La gerarchia dei rifiuti
La sua logica è considerare i rifiuti come risorse. Non più una semplice zavorra di cui disfarsi ma una miniera da sfruttare nei modi più diversi. Spazio, quindi, ai concetti di riutilizzo, riciclaggio, recupero (soprattutto energetico attraverso gli inceneritori) e smaltimento. Secondo il testo europeo, è meglio riutilizzare o riciclare materiali e prodotti piuttosto che bruciarli per ottenere energia; ovviamente la gerarchia è flessibile perché bisogna valutare i pro e contro per ogni soluzione dal punto di vista ambientale. Per esempio, il riciclo può generare un'elevata quantità di Co2 per il trasporto dei materiali e la successiva trasformazione nelle cosiddette “materie prime seconde”. In questi casi, un termovalorizzatore a elevata efficienza energetica può essere la carta vincente.

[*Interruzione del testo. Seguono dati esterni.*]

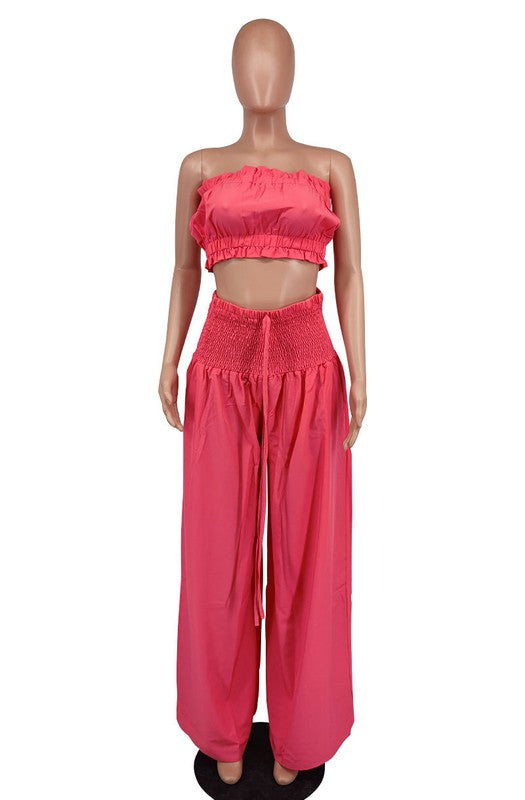 Wide leg 2Pc Pant Set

La responsabilità estesa del produttore
La Direttiva impone allora di considerare l'intero ciclo di vita dei rifiuti. Qui s'innesta la “responsabilità estesa del produttore” che gli Stati membri possono introdurre con varie misure a carico appunto di chi fabbrica e commercializza i prodotti. Il produttore, così, potrebbe vedersi obbligato a ritirare prodotti usati o i relativi rifiuti e a gestire le conseguenti attività (recupero o smaltimento) accollandosi le spese. I continui rinvii del ritiro “uno contro uno” degli apparecchi elettronici nei negozi, è un esempio delle incertezze italiane nel trasformare in legge ciò che altri Paesi hanno già collaudato e approvato. Gli Stati possono anche ideare norme per incoraggiare la progettazione eco compatibile dei prodotti. I Governi nazionali, inoltre, devono stilare entro il 2013 i programmi di prevenzione dei rifiuti.
L'esperienza francese
Il metodo scelto dalla Francia per accogliere la Direttiva è il patto sociale “Grenelle de l'Environnement”, lanciato nel 2007 dal ministro dell'Ecologia Jean Louis Borloo e sfociato in una prima legge nel 2009, che contiene un capitolo sulla gestione dei rifiuti. Questa stabilisce due obiettivi essenziali: ridurre i rifiuti domestici del 7% per ogni abitante nei prossimi cinque anni e aumentare la percentuale di riciclo sulla spazzatura complessivamente prodotta (35% nel 2012 e 45% nel 2015 rispetto al 24% del 2004). Il corollario della prima legge Grenelle è il Piano d'azione 2009-2012 con tutte le misure specifiche. Sarà un percorso molto costoso: il budget previsto è pari a quasi 260 milioni di euro. Per questo il Governo ha studiato una nuova tassa sulle attività inquinanti (Tgap) per scoraggiare l'incenerimento e lo smaltimento in discarica, a vantaggio del riutilizzo e riciclo dei rifiuti.